These don't come up for sale too often - shame about the stains on the dial, but rather valuable regardless.
An eBay ad with clear pictures from all angles, taken in indirect daylight would be your easiest way to get market value for it. It might sound odd, but I think the picture quality a modern iPhone can produce will be enough, and here's why:
The dial is in a pretty rough state it seems, at the bear minimum there's significant stains on the polished, outter part of the dial between 8 and 10. This alone means it's not attractive to a hardcore collector and reduces the value significantly. It is still a solid gold watch with a solid gold dial, though, so the price won't be effected as badly as it would be on a stainless steel watch, for example. A very good example might fetch something like 3.5-4k$, for this one it might only be 2.5k$+ - still a lot of money, though. To get to the high end of the price range, many detailed pictures are necessary to show the watch is actually in great condition. For yours, standard, good phone shots from all angles will suffice in my opinion.

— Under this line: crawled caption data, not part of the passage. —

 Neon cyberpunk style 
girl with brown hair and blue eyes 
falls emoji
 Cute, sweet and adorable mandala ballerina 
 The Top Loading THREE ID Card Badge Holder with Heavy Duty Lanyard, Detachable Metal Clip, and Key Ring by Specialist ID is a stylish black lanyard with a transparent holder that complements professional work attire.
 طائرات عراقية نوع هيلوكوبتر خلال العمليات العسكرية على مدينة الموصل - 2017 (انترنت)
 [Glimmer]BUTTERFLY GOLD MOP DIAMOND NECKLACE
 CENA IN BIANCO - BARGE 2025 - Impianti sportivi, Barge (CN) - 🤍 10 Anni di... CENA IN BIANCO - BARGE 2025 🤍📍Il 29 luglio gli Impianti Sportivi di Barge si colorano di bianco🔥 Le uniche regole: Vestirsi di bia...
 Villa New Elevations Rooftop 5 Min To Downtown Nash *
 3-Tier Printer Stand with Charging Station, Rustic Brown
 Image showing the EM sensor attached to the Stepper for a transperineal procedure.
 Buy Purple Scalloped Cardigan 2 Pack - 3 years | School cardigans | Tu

Now, to the bracelet. I have to admit that I'm actually looking for a yellow gold 7077, which is what yours is (even though it might not say so anywhere on it), so from my own research from the last year or so:
A full length example weighs 57g. To check yours for full length, here's one for comparison. Excuse the bad lighting, I hope it'll still serve the purpose:
Red are the endlinks that sit between the lugs of your watch. Don't count them in. Yellow are the "regular" links - it should be 8 on each side. Green are the "double stretch links". On mine, you can see 3 double-links on each side of the clasp, note that the factory length that brings it to 57g would be five in total (2 on one, 3 on the other side). I can see 5 in one of your pictures, so for now I'll assume yours is full length and thus weighs 57g. For your own count: it's easiest to just look at the outter row.

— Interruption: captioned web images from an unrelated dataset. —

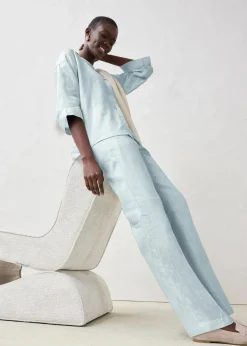 bonprix Bekleidung·Kleider|Premium|Hose aus reinem Leinen eisblau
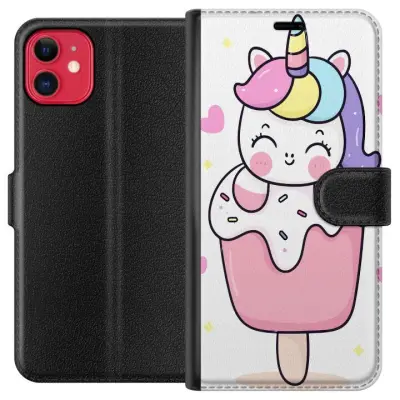 Plånboksfodral till Apple iPhone 11 med Glad enhörning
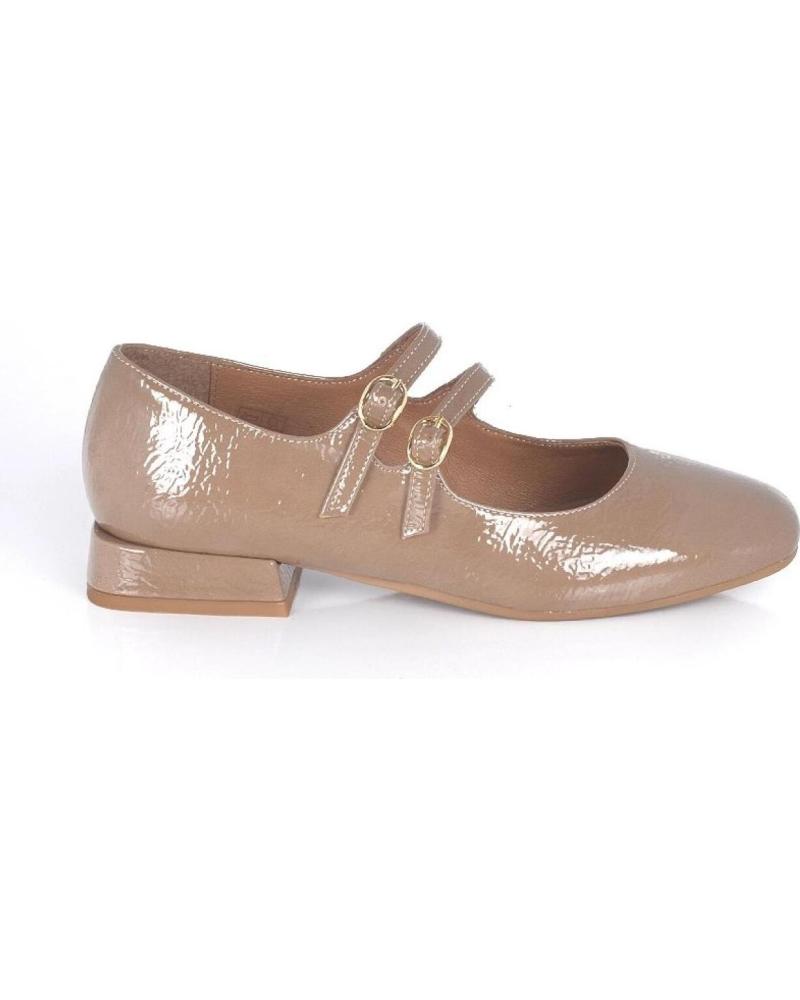 Bailarinas de Mujer PACO HERRERO MARCEDITA DOS HEBILLAS CHAROL ARRUGADO TAUPE VARIOS COLORES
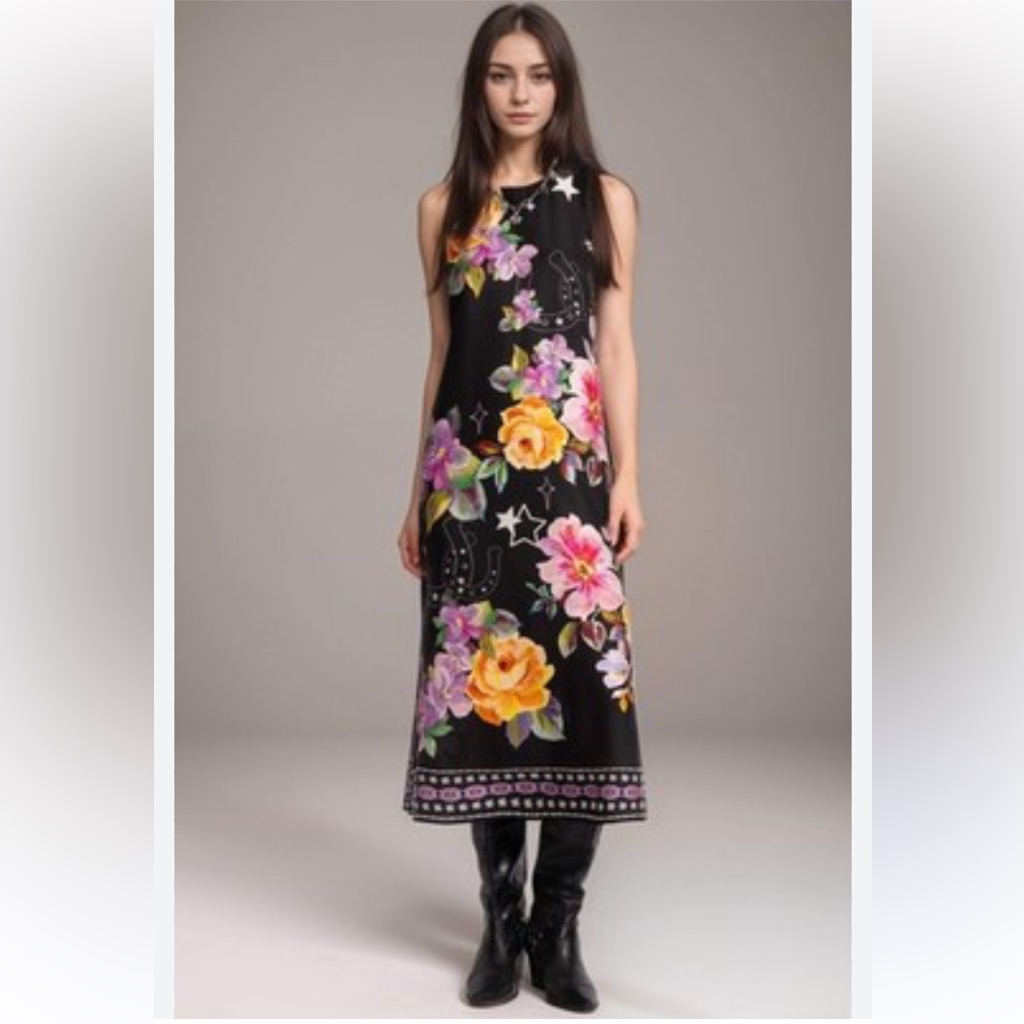 Nwt Johnny Was Jade Karolina Tea Length Dress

Since it's on an 18k watch (the so-called "deluxe" Constellations with solid-gold dial don't exist in 14k), I assume the bracelet is 18k, too. At current gold value, that'll bring it to roughly 2250$. For one of those "flatlink" bracelets in very nice shape, you can add ~30% in value, so approx. 2900-3000$. Yours will likely be a little less, the center pieces look like they don't carry their original brushing anymore and it's a question if the stretch links (marked green in the pic above) do actually still stretch smoothly or if they need new springs etc, but all that won't bring the value down by much. I don't see this go for less than gold value + 20%, which is still 2700$.

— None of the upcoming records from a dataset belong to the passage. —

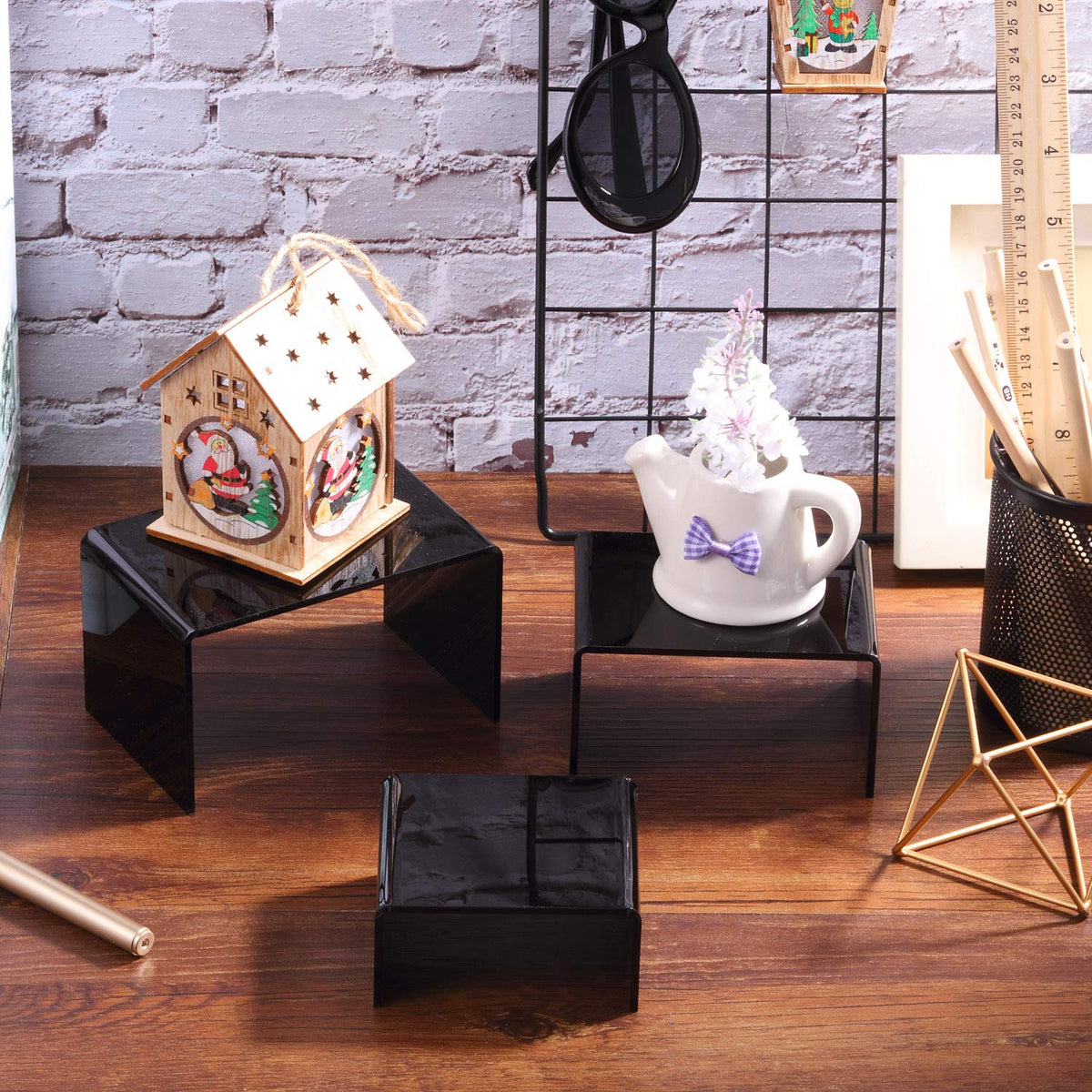 Chuangdi 2 Sets Acrylic Display Risers, Figure Stand, Black, Small Set
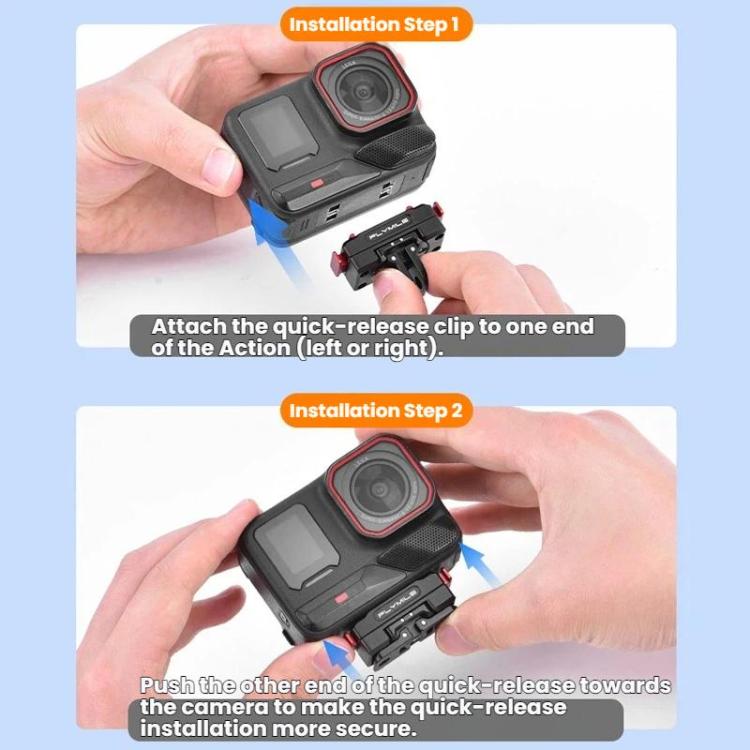 For Insta360 Ace Pro 2 / X5 Flymile Magnetic Extendable Rotating Quick-Release Base - Aluminum Alloy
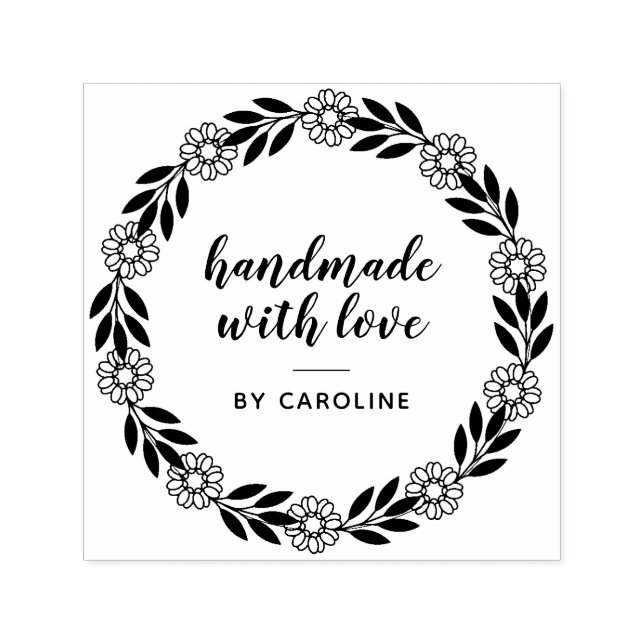 stylish script wreath handmade self-inking stamp (Design)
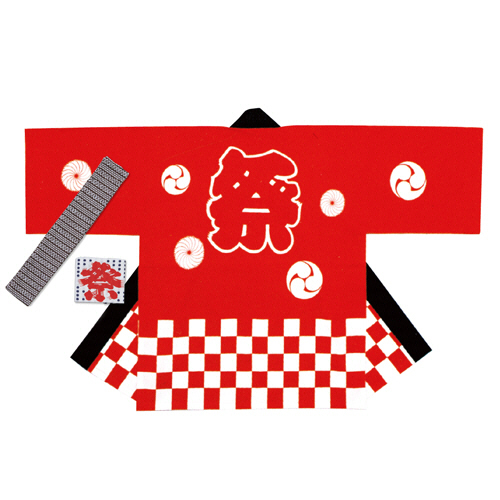 祭袢天 市松赤 大人M 1枚画像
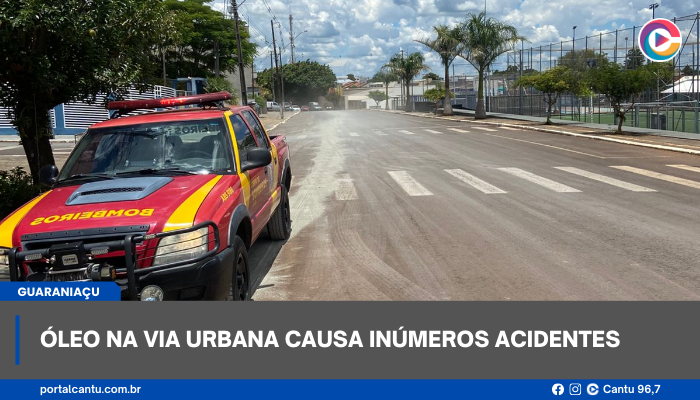 Guaraniaçu - Óleo na via urbana causa inúmeros acidentes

While, personally, I'd love to see you split bracelet and watch in separate eBay auctions, as I'd surely be bidding on the bracelet, I think I'd honestly rather keep them together if I were you. It's a beautiful combination and might draw in more bidders. Either way, it's certainly not going to make a huge difference. Expect to get 5k$ or a bit more in total, minus eBay fees. That'll be significantly more than pure gold value, which should be very roughly 3600$ or so.
I'm glad it's worth more - melting it would be blasphemy, frankly.